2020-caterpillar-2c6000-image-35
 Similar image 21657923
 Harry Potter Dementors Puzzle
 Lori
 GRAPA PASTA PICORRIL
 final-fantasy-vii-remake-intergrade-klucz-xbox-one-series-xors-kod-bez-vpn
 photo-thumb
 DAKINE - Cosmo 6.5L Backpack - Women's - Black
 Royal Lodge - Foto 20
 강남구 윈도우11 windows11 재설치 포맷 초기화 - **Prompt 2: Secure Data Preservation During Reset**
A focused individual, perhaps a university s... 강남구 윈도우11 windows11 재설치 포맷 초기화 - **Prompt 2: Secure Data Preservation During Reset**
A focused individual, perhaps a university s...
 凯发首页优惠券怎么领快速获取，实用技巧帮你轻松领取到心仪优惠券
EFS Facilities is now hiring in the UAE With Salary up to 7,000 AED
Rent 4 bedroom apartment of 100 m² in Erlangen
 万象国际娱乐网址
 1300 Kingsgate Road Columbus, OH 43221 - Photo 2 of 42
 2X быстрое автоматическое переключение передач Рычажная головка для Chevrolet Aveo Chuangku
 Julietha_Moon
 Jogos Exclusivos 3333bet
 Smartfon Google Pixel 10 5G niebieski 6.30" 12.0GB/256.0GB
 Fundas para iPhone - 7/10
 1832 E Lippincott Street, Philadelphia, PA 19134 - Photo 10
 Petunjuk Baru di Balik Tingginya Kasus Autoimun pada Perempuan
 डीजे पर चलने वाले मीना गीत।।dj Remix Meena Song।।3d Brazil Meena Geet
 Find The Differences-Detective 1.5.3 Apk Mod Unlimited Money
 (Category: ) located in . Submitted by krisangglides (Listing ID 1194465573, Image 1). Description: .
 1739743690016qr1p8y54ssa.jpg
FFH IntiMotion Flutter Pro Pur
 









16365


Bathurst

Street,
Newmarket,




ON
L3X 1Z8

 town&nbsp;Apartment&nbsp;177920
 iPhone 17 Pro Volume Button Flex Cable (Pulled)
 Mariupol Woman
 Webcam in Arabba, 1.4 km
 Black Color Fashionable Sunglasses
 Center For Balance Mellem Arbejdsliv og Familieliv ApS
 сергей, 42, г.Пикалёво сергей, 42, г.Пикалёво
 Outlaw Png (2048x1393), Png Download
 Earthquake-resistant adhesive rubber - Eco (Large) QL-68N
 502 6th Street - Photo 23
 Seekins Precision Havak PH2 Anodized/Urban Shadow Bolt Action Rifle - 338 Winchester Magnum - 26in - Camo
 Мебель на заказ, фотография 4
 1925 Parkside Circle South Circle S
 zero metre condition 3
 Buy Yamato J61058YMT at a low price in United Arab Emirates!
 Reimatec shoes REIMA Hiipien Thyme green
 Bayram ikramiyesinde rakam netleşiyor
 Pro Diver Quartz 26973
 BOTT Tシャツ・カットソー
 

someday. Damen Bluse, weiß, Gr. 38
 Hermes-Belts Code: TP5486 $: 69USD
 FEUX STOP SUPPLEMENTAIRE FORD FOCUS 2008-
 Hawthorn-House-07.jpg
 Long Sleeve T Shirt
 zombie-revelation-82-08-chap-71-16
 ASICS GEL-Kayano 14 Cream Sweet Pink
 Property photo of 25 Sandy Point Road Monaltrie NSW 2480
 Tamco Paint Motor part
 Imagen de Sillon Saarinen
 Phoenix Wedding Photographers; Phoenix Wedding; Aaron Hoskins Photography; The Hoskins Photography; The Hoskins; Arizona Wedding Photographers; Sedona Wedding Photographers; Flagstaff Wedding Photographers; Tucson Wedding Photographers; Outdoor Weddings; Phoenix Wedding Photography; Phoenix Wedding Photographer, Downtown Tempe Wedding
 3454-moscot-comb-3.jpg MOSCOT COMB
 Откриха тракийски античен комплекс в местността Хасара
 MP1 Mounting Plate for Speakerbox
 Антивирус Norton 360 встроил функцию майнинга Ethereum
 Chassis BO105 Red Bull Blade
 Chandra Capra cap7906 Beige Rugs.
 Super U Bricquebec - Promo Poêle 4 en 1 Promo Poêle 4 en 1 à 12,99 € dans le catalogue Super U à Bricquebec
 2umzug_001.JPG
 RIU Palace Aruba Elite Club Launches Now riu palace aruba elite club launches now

Task details:
Above are the records; copy each line from them that includes the string "Black".

Result for this exercise:
 DAKINE - Cosmo 6.5L Backpack - Women's - Black
 Black Color Fashionable Sunglasses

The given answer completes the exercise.